The EITC is what’s called a refundable tax credit, and refundable tax credits are a thing of wonder: They can turn a tax bill into a tax refund, or a refund into a bigger refund. For example, let’s say you owed $100 in taxes but had a $500 EITC credit. You’d get a $400 refund from the Internal Revenue Service.
The EITC is no longer available to people 65 and older, as it was for the 2021 tax year, a provision that AARP strongly opposes. “Placing an age cap on the EITC is a blatant form of age discrimination,” says Holly Biglow, a government affairs director at AARP focused on older workers. “Older workers should not lose a valuable credit simply because they turn 65. Congress must act to end this legal form of age discrimination and ensure older workers have access to the same tax credits as their younger counterparts,” Biglow says.
The EITC is aimed at workers with low income, and particularly those with qualified children, although you can claim the EITC if you don’t have a child.
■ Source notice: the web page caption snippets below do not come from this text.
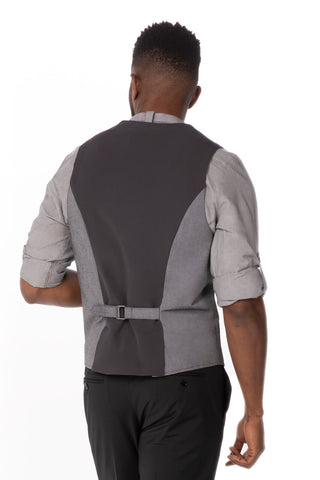 Bridge Vest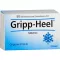 GRIPP-HEEL Comprimidos, 50 unidades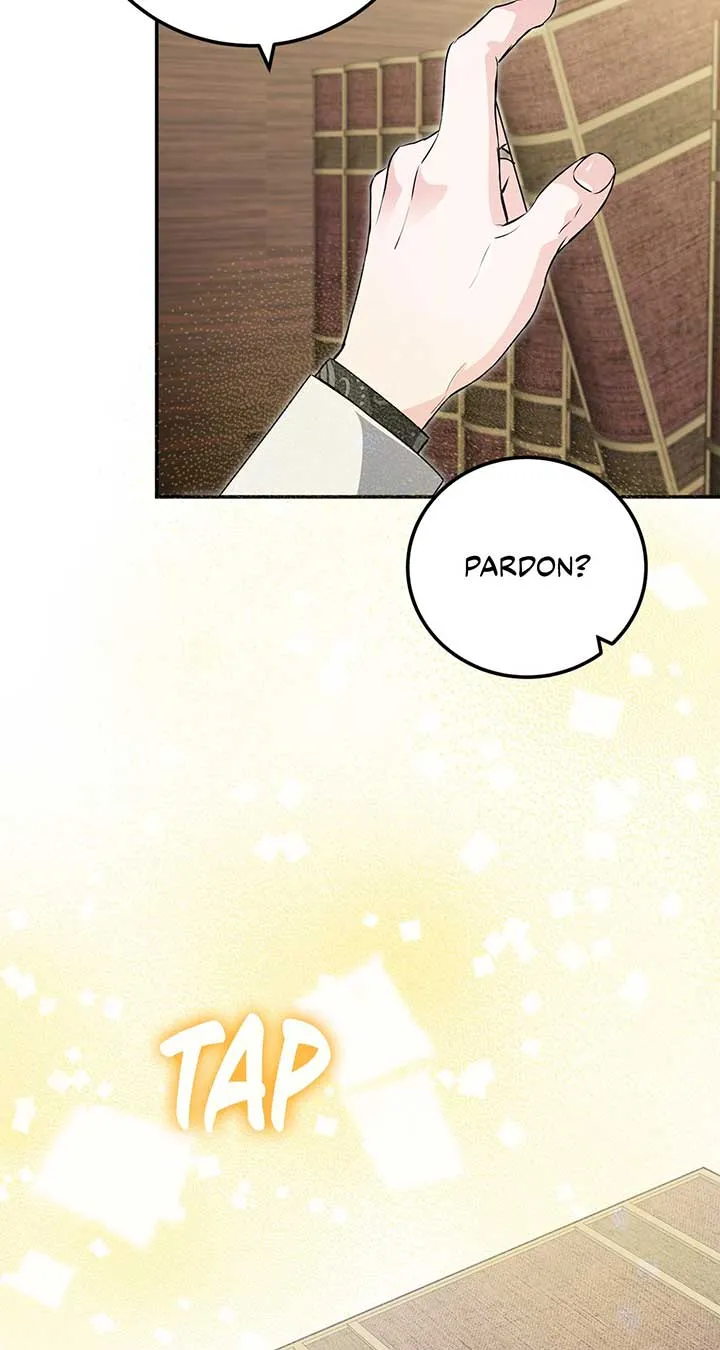 The Saintess Returns To The Emperor Chapter 44 Online - página 48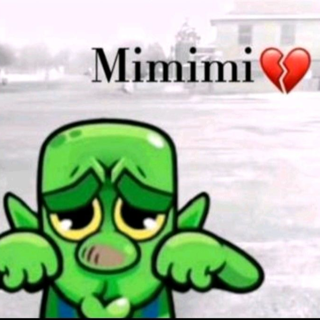 Mimimi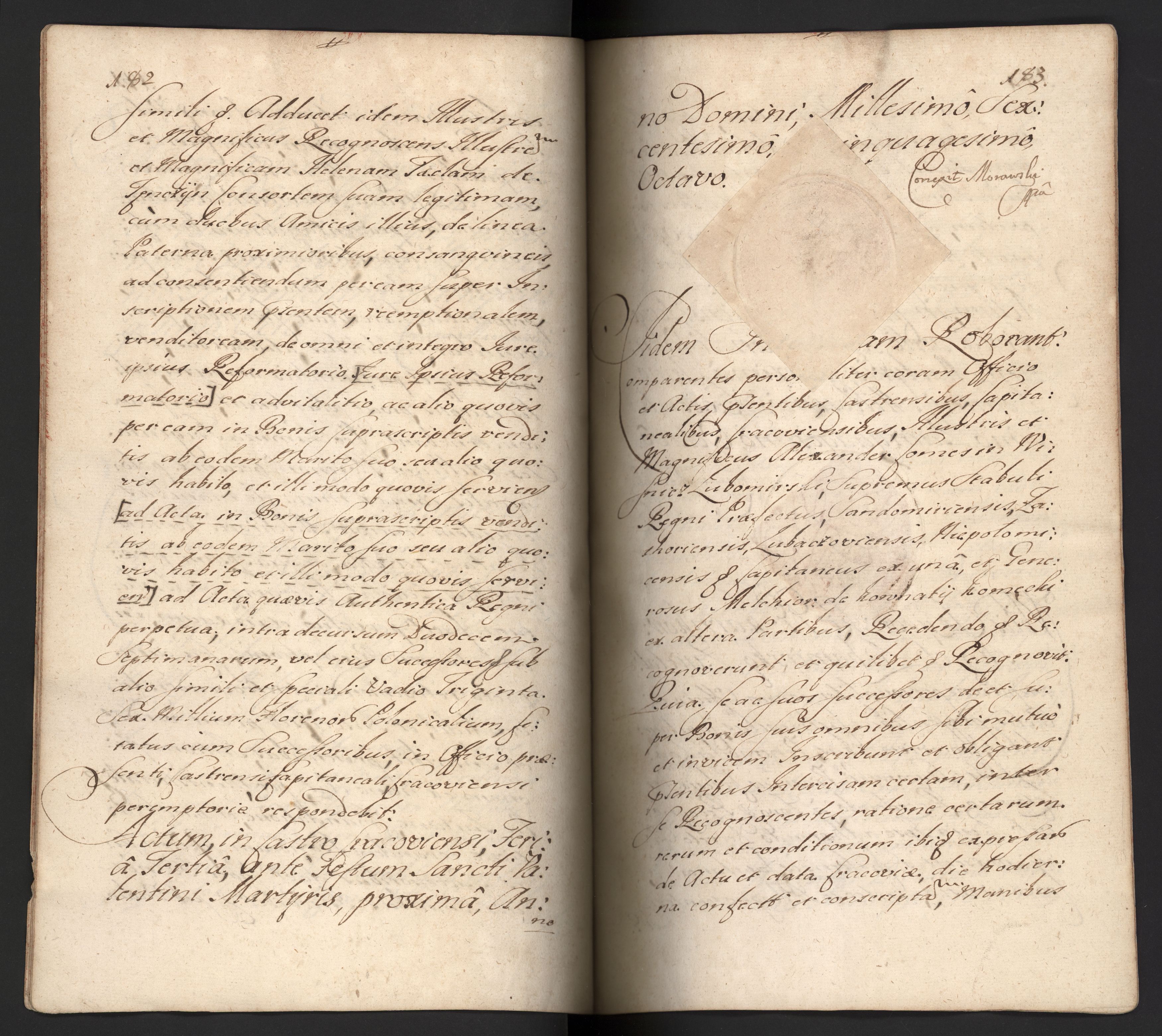 1_350_0_0_192-7_0160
To qualify, you must have worked and earned income of less than $59,187 in the 2022 tax year. You must have had investment income of less than $10,300. You must have a valid Social Security number and you must have been a U.S. citizen or resident alien all year.
Qualified children must be under the age of 19, or, if a student, under 24. There is no age limit for permanently disabled children. The child must be your son, daughter, grandchild, stepchild or adopted child; younger sibling, step-sibling, half-sibling or their descendant; or a foster child placed with you by a government agency. The child must also have lived with you for at least half the year.